Stephen Thomas Erlewine in a retrospective review for AllMusic felt that "the focus brings about his strongest set of songs (both originals and covers), plus a detailed atmospheric production where everything fits." However, he said that "it still can sound fairly dated", but concluded the review by saying that "its best moments [...] are classics of the idiom." Rolling Stone voted it 1976's Best Album. Jay Cridlin of the Tampa Bay Times described "Dance, Dance, Dance" as "the best John Denver song John Denver never recorded".

Track listing 

* Contains a brief sample from Cheech & Chong's comedy routine "Championship Wrestling" (from Cheech & Chong's Wedding Album, 1974), inserted after the first verse. The sample includes the words "...c'mon, don't be nervous!"

Personnel

Steve Miller Band 
 Steve Miller – lead vocals, guitar, keyboards, sitar, ARP Odyssey (on tracks 1, 2, 10, 12), producer
 Lonnie Turner – bass (on all tracks but 12)
 Gary Mallaber – drums (on all tracks but 12)

Additional personnel 
 James Cotton – harmonica (on track 11)
 Curley Cooke – guitar (on track 12)
 Les Dudek – guitar (on track 12)
 Charles Calamise – bass (on track 12)
 Kenny Johnson – drums (on track 12)
 John McFee – dobro (on track 5)
 Joachim Young – B3 organ (on tracks 2 and 12)

Technical 
 John Palladino – executive producer
 Mike Fusaro – recording engineer
 Jim Gains – mastering
 Susan McCardle – photography
 David Stahl – photography

Quadraphonic and original editions 
A Quadraphonic mix of the album was available on the Quadraphonic 8-Track cartridge format (in which Track 1 - "Space Intro" is edited into "Fly Like an Eagle" as one track, and Track 6 - "Take the Money and Run" intro repeats twice).

On the U.K. original vinyl release "Space Intro" does not appear on track listing. A 40-second track called "Space Odyssey" segues into "Wild Mountain Honey".

30th anniversary edition 

In 2006 the album was re-released to celebrate its 30th anniversary.
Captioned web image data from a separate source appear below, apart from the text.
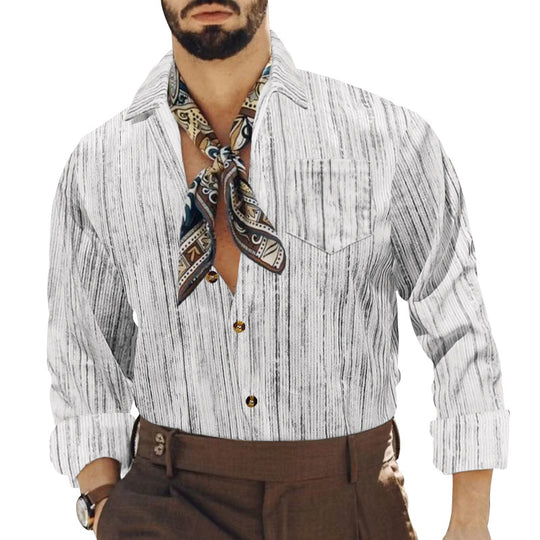 Herren Langarmhemd mit modernen Streifen und eleganter Optik R&B
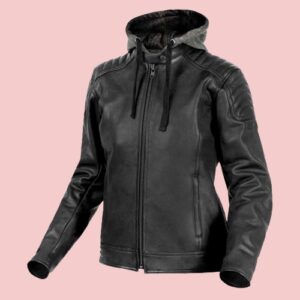 Womens Leather Motorcycle Jacket With Hoodie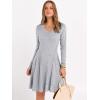 imageANRABESS Women Long Sleeve Ribbed Knit Short Dresses 2025 Fall Winter V Neck Casual Swing A Line Sweater DressGrey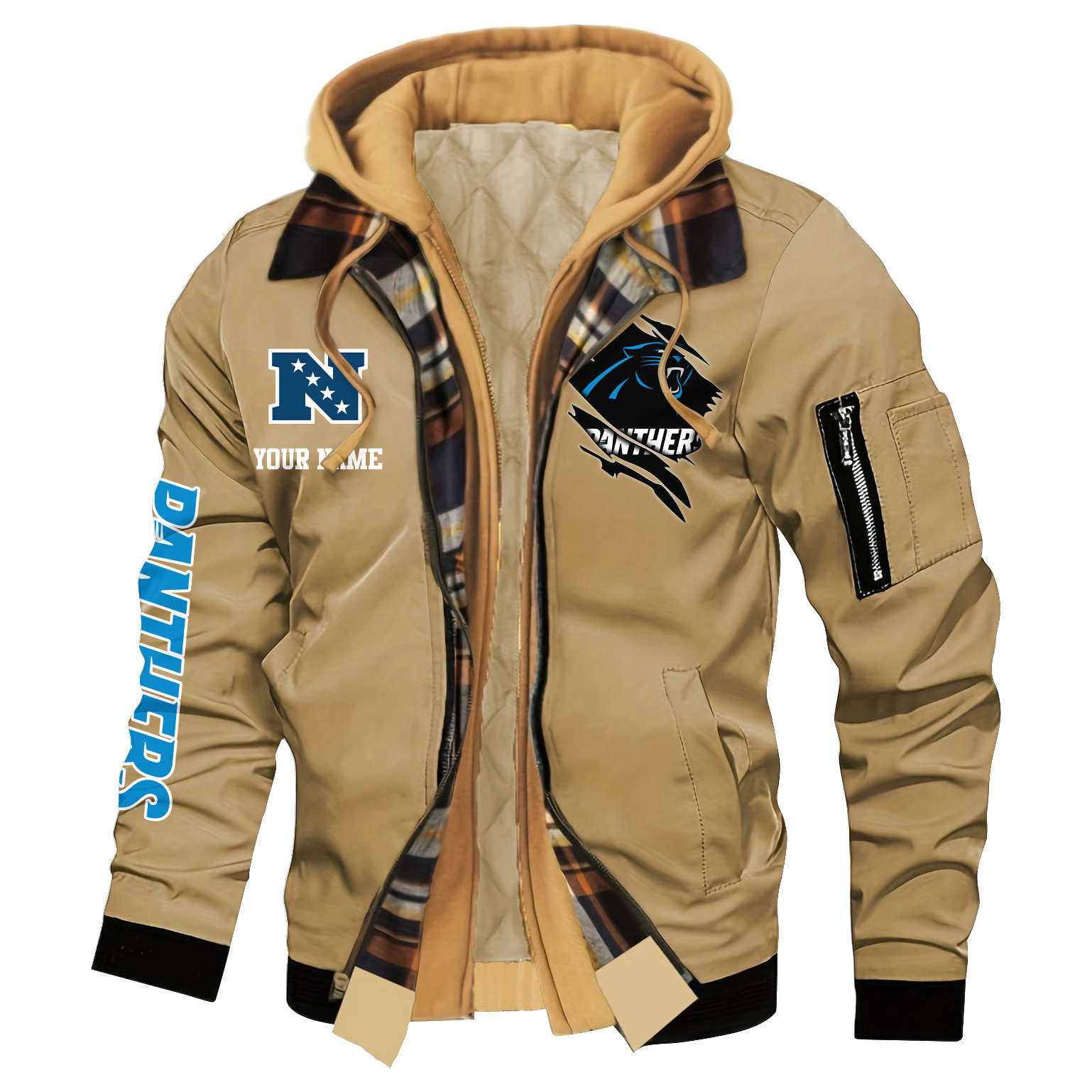 Carolina Panthers Jacket Casual Fake Two Piece Design PBJ250T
The CD is digitally remastered and includes three bonus tracks and a bonus DVD features a concert performance at Mountain View, California's Shoreline Amphitheatre in 2005 with over two hours of music in 5.1 Surround Sound (Note this surround mix is not based on the QUAD mix as track 1 and 6 are not different from the standard releases). Guest musicians include George Thorogood and Joe Satriani. The DVD also features a lengthy interview with Steve Miller, archive footage, never-before-seen photographs, and early demo recordings.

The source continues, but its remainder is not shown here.